In the work Ai nati oggi the streetlights of a given place in the city (a street, a square, a bridge) get brighter every time a child is born. The maternity ward in a hospital in the city is equipped with a button that can be pushed by the staff at each new birth; the button makes the streetlight system gradually increase the intensity of the light, a surge that then subsides back to normal in about thirty seconds. Near the streetlights, on the ground, a stone plaque is placed with the engraved words: “The streetlights of this place are connected to the maternity ward of the hospital … Every time the light slowly pulsates, it means a child has been born. The work is dedicated to that child, and to the children born today in this city”.

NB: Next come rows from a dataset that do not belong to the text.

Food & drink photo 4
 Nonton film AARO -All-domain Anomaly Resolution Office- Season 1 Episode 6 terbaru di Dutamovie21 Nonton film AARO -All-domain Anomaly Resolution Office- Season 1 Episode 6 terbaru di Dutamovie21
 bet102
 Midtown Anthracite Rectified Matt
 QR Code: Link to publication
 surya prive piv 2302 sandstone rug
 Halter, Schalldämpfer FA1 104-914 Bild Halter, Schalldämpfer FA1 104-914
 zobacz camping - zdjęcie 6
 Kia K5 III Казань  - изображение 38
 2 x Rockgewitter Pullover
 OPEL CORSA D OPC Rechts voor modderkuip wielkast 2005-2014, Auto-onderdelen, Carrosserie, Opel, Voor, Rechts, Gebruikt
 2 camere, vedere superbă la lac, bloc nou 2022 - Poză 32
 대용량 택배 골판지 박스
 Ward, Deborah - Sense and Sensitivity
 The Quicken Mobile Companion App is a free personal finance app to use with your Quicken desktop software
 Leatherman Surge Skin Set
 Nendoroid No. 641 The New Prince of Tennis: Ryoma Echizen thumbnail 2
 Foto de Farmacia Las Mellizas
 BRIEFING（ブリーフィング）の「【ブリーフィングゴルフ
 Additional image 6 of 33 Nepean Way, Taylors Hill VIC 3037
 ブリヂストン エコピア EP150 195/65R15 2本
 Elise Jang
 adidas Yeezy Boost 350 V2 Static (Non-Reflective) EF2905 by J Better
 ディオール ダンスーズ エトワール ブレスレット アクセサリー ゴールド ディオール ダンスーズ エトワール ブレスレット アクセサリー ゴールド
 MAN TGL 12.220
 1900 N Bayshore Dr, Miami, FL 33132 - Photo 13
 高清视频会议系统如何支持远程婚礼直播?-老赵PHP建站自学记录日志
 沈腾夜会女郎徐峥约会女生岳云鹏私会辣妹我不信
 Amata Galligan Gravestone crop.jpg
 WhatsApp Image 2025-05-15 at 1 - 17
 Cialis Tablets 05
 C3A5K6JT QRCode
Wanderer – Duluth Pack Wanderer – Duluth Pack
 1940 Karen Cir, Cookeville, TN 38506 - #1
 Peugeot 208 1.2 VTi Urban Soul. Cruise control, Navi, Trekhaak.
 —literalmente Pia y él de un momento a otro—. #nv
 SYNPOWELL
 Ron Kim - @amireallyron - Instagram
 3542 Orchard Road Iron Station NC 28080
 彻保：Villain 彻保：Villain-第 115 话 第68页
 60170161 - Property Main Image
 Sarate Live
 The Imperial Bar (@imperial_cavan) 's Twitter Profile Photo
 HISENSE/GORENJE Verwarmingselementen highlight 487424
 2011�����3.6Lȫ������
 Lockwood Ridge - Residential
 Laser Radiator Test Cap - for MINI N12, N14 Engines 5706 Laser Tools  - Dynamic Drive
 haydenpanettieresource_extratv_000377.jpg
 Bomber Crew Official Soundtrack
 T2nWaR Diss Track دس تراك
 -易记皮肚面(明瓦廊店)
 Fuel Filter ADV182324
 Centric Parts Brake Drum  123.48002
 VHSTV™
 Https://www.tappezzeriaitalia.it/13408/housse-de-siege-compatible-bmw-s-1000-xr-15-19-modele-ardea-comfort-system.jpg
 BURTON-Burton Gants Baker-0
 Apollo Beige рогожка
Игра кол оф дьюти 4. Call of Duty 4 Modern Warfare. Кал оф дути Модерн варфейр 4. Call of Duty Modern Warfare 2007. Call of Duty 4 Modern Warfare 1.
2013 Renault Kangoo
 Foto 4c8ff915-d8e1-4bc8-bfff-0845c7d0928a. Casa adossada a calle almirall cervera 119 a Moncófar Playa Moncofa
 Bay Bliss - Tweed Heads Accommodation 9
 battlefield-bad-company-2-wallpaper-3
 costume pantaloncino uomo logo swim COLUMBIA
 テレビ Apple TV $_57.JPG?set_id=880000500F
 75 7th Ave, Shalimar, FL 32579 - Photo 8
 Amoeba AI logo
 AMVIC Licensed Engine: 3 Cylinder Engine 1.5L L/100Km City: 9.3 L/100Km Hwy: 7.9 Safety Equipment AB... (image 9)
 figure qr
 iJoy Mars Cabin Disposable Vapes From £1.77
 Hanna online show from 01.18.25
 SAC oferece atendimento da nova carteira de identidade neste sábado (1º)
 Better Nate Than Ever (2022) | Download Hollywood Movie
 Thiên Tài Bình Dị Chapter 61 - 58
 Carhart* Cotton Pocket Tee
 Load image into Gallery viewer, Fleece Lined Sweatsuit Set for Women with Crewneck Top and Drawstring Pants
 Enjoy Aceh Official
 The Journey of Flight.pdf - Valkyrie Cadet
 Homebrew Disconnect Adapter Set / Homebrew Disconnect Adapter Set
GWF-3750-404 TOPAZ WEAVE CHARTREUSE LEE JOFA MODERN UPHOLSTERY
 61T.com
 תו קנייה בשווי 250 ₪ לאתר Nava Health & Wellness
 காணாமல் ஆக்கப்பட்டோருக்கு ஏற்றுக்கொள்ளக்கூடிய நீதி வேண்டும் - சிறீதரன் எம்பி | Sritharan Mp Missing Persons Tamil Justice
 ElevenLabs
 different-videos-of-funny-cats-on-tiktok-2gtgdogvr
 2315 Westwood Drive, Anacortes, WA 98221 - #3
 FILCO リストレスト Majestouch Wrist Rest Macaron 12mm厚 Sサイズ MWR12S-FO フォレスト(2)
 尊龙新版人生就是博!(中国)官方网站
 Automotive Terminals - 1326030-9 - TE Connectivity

As a theme shared by all peoples, birth responds to the reflections of the artist regarding the values art positioned in public space ought to convey or embody. Ai nati oggi establishes a direct dialogue with the city and its inhabitants, in an attempt to bring art closer to the reality of life: the work is rooted in the territory and attracts the people who live there through its intention to fill them with a “sincere” emotion that engages them, though indirectly, as a community. The use of light is symptomatic of the artist’s interest in coming to grips with a densely layered scenario like that of the contemporary city, making use of an immediate means of communication that is often already provided by the context, and therefore not invasive. Even those who do not recognize the work as art can still grasp its message.

Ai nati oggi – the artist says – is a work that establishes a relationship with the city on different scales, that is visible and not visible: it produces a sort of narrative urbanism. […] When I think about this work I always imagine a map of the physical city that pulsates and a map of the mental city every passer-by produces. The image I am narrating is basically a nativity scene, a classic theme of painting…” [Hans Ulrich Obrist, “Alberto Garutti”, in Domus #901, March 2007, p. 116-123]

The work has been installed in many cities (Bergamo, Ghent, Istanbul, Moscow, etc) and the universal character of its message makes it increasingly “meaningful and revealing” as the number of contexts in which it is inserted grows. Nevertheless, it is necessary not to overlook the local value it channels, leading case by case to new ways of giving form to the intervention and its communication.